Description of the task:
Go through the records and count every line that holds "Arts". Only the number belongs in the reply.

——

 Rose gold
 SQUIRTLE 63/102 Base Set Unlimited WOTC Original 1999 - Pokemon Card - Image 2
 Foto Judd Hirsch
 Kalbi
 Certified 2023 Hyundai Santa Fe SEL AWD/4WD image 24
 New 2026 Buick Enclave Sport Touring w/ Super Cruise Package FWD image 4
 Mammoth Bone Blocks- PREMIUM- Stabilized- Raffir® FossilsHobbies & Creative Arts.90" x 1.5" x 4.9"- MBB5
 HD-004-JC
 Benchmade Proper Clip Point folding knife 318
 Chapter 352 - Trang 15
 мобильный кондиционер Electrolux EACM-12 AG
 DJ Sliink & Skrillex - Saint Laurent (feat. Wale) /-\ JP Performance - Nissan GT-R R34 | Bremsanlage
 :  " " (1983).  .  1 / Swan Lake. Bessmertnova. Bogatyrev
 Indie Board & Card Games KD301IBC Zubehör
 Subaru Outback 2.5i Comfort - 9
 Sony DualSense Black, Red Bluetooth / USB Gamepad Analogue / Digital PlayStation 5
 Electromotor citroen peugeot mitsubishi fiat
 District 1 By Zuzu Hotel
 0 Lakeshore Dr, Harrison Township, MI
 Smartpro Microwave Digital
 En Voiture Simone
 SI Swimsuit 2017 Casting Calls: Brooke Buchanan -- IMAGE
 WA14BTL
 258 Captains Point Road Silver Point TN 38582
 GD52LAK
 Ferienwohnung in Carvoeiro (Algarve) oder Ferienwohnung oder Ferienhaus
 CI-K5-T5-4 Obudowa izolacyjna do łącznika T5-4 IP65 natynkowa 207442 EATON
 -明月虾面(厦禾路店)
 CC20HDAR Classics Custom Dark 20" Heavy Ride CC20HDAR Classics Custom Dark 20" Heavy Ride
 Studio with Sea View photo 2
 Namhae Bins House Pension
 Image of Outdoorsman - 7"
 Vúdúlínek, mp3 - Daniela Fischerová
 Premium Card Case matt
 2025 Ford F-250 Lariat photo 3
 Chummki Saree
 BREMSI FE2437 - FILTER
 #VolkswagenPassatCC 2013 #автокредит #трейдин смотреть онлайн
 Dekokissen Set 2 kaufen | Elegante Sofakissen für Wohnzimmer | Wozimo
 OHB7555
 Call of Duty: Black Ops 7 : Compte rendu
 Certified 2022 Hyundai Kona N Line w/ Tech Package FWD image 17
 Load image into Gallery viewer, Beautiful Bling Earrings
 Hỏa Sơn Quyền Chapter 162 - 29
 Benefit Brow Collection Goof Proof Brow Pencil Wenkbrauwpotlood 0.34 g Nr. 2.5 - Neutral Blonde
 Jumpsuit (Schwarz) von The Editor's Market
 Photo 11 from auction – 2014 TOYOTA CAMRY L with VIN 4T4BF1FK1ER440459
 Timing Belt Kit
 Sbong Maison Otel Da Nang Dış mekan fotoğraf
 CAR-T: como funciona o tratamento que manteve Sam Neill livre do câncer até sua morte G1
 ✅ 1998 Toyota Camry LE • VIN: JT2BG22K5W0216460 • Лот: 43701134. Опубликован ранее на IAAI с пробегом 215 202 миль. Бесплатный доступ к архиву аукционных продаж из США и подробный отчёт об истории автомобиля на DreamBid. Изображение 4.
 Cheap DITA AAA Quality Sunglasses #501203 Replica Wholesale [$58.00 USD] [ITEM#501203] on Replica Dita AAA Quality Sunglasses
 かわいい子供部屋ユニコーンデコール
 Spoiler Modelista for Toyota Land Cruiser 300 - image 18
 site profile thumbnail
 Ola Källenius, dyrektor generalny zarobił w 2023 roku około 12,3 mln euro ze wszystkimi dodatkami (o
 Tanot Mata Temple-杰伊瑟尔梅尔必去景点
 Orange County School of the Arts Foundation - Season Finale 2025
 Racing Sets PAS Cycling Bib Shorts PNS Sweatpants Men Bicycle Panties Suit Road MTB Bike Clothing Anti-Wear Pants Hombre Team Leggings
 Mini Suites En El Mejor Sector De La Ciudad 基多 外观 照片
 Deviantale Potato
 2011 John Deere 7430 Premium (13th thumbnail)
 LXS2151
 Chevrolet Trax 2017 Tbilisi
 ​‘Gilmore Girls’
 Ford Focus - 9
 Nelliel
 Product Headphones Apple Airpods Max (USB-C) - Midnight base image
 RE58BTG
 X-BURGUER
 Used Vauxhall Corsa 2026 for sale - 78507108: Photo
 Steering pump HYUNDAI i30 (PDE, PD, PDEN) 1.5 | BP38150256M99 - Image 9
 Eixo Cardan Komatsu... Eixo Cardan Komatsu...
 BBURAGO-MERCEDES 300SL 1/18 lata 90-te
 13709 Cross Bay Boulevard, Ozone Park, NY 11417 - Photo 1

——

Response area:
2